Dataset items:
####################

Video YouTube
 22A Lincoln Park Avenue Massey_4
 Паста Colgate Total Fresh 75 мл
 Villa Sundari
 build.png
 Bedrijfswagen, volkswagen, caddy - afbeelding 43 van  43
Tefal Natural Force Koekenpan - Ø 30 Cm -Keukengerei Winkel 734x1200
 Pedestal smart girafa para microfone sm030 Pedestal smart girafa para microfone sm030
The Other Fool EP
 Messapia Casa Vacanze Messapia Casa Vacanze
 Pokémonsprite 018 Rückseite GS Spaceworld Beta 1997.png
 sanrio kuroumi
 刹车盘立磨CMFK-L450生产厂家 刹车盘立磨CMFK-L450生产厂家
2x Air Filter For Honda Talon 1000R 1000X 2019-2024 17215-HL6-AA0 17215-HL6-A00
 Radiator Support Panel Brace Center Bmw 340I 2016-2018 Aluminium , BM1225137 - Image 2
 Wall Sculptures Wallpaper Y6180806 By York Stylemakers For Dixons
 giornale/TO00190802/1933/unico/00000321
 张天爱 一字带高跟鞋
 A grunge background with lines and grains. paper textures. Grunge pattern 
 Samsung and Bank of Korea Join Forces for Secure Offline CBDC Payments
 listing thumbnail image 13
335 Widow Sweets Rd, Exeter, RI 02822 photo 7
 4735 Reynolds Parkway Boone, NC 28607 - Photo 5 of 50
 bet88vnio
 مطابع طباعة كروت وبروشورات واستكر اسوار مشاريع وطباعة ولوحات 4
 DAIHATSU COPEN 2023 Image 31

####################

■ What needs to be done
What you should do is return the records above exactly, leaving nothing out.

■ Solution to this exercise
Video YouTube
 22A Lincoln Park Avenue Massey_4
 Паста Colgate Total Fresh 75 мл
 Villa Sundari
 build.png
 Bedrijfswagen, volkswagen, caddy - afbeelding 43 van  43
Tefal Natural Force Koekenpan - Ø 30 Cm -Keukengerei Winkel 734x1200
 Pedestal smart girafa para microfone sm030 Pedestal smart girafa para microfone sm030
The Other Fool EP
 Messapia Casa Vacanze Messapia Casa Vacanze
 Pokémonsprite 018 Rückseite GS Spaceworld Beta 1997.png
 sanrio kuroumi
 刹车盘立磨CMFK-L450生产厂家 刹车盘立磨CMFK-L450生产厂家
2x Air Filter For Honda Talon 1000R 1000X 2019-2024 17215-HL6-AA0 17215-HL6-A00
 Radiator Support Panel Brace Center Bmw 340I 2016-2018 Aluminium , BM1225137 - Image 2
 Wall Sculptures Wallpaper Y6180806 By York Stylemakers For Dixons
 giornale/TO00190802/1933/unico/00000321
 张天爱 一字带高跟鞋
 A grunge background with lines and grains. paper textures. Grunge pattern 
 Samsung and Bank of Korea Join Forces for Secure Offline CBDC Payments
 listing thumbnail image 13
335 Widow Sweets Rd, Exeter, RI 02822 photo 7
 4735 Reynolds Parkway Boone, NC 28607 - Photo 5 of 50
 bet88vnio
 مطابع طباعة كروت وبروشورات واستكر اسوار مشاريع وطباعة ولوحات 4
 DAIHATSU COPEN 2023 Image 31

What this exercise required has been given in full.